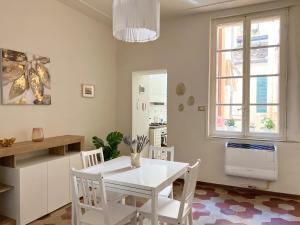 Posedenie v ubytovaní Civico 41 Lucca City Center Apartment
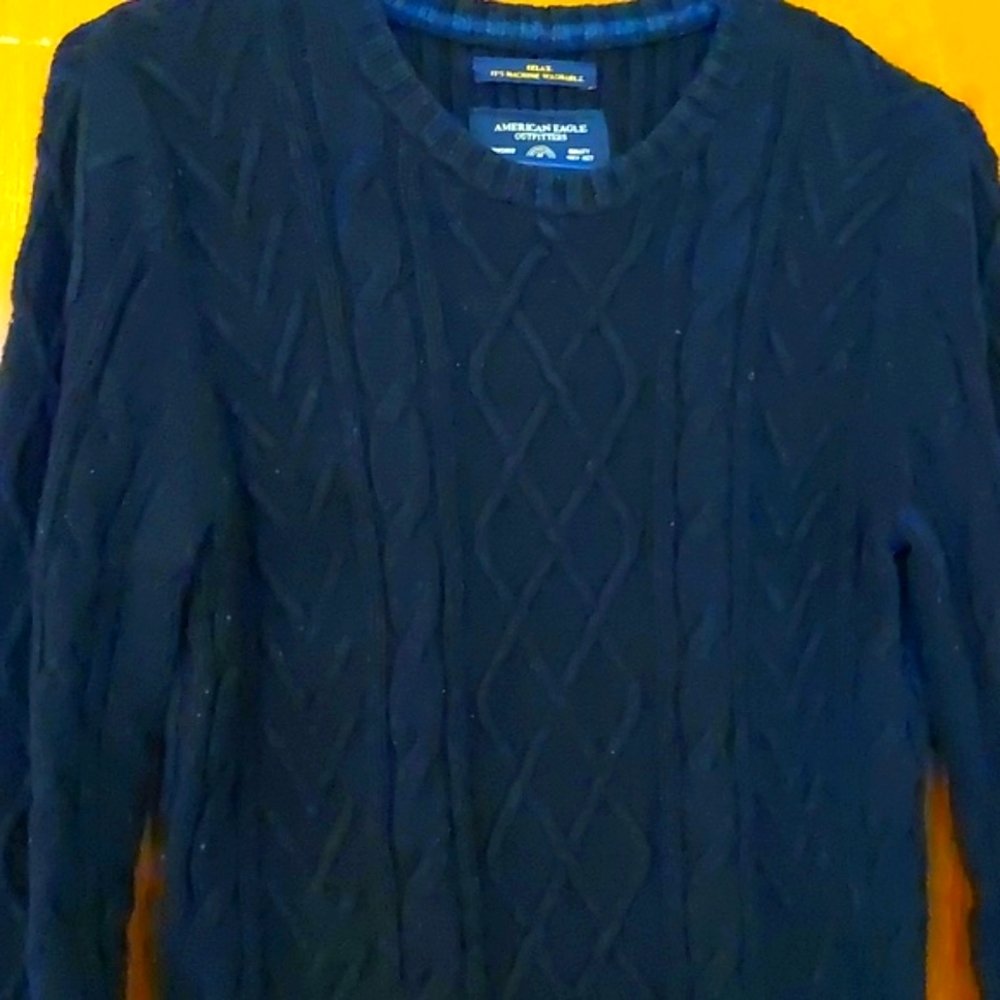 American Eagle Men's Cable Knit Sweater Navy Blue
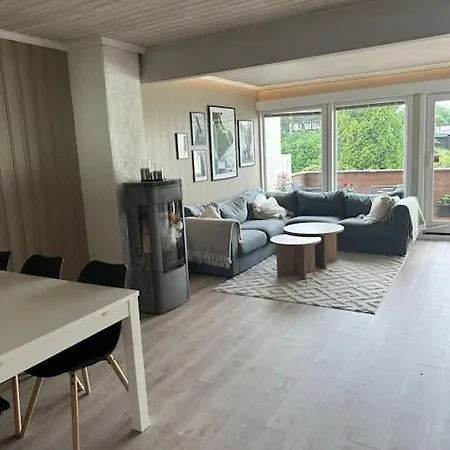Apartament Hus Sentralt I Fyllingsdalen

• WORK TO BE COMPLETED: Repeat the lines above precisely and skip every picture.

• ANSWER SPACE:
 Posedenie v ubytovaní Civico 41 Lucca City Center Apartment
 American Eagle Men's Cable Knit Sweater Navy Blue
Apartament Hus Sentralt I Fyllingsdalen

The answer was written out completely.